Walter Scott trial: with 11 white juries result is predictable

Mostly white jury was chosen to decide the fate of the white former police officer who killed Walter Scott. All advocates of justice are outraged.

The 11 white people and one black man on the jury are expected to hear opening statements Thursday morning in Michael Slager’s murder trial. Michael Slager, 34, is charged with murder in the April 2015 shooting death of Walter Scott, 50, who was running from a traffic stop in North Charleston when Slager shot him in the back five times.  Slager faces between 30 years and life in prison if convicted of murder.

The video footage of Scott’s death on April 4, 2015, showed the two struggling and Scott running away as the officer fired at him eight times. Slager said Scott had grabbed his Taser and will argue self-defense at the trial.

The Washington Post reports that the jury was chosen from a predominantly white jury pool. Of the pool of 75 qualified jurors, 55 were white, 16 were black and the rest were other races. Attorneys for Slager used their strikes to dismiss nine potential jurors, seven of whom were minorities.

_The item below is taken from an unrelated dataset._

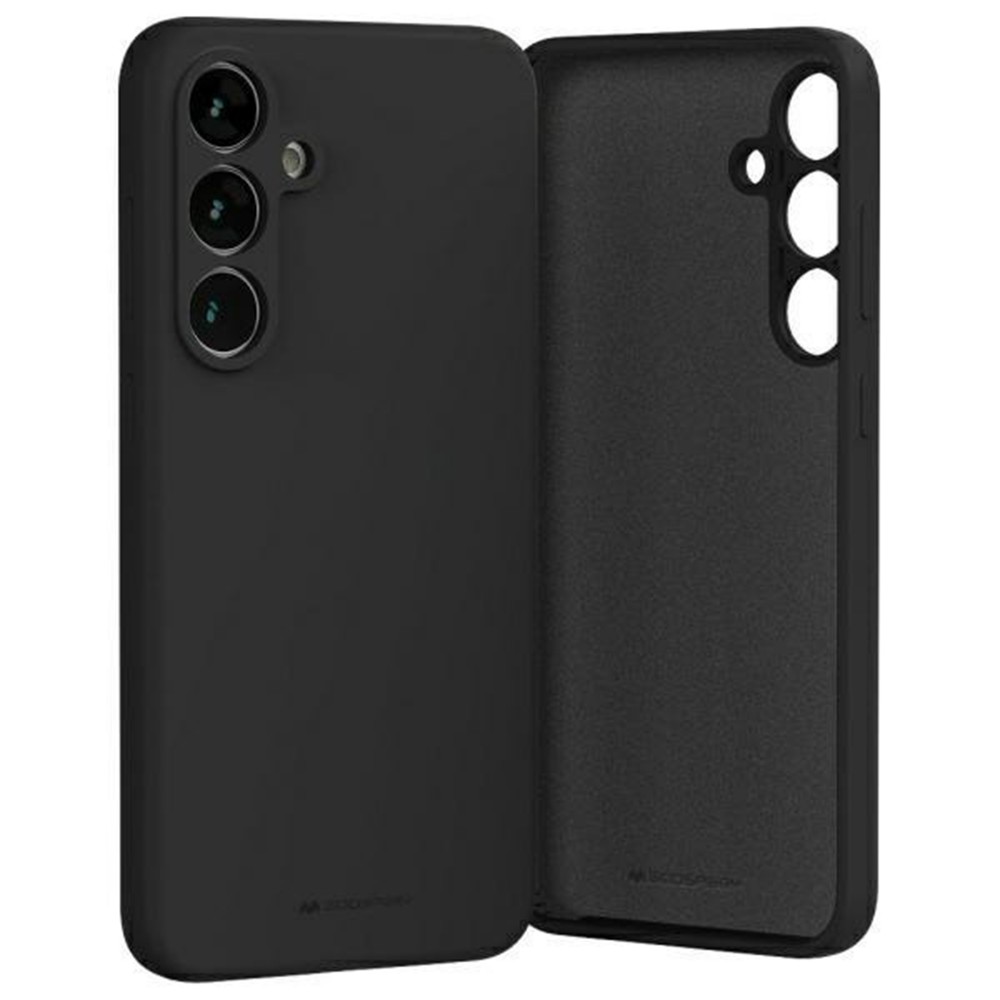 ETUI MERCURY SILICONE SAMSUNG S721 FALAXY S24 FE CZARNY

After a mostly white jury was chosen Wednesday to decide the fate of the white former police officer who killed Walter Scott, his attorney pressed on with a fruitless effort to move the trial and find new jurors who know less about the shooting and the video of it, says Post and Courier.

The trial’s start will come despite protests by Slager’s defense team, who expressed a fear that it would become a “bellwether” case for the nationwide scrutiny of police killings, particularly those targeting black men like Scott. The jury held up after prosecutors dropped a legal challenge, alleging the defense’s dismissal of seven minorities from the jury pool was racially motivated.

Though racial themes have persisted in the Walter Scott case since that day last year, Slager’s attorney has insisted that race never played a role in the confrontation.

Savage requested a change of venue because voir dire, the questioning meant to elicit jurors’ biases, fell short earlier this week, he argued. The defense, he said, got little idea of the jurors’ views of Scott’s death and the video that emerged last year amid a wave of police criticism that was punctuated with chants of “black lives matter.”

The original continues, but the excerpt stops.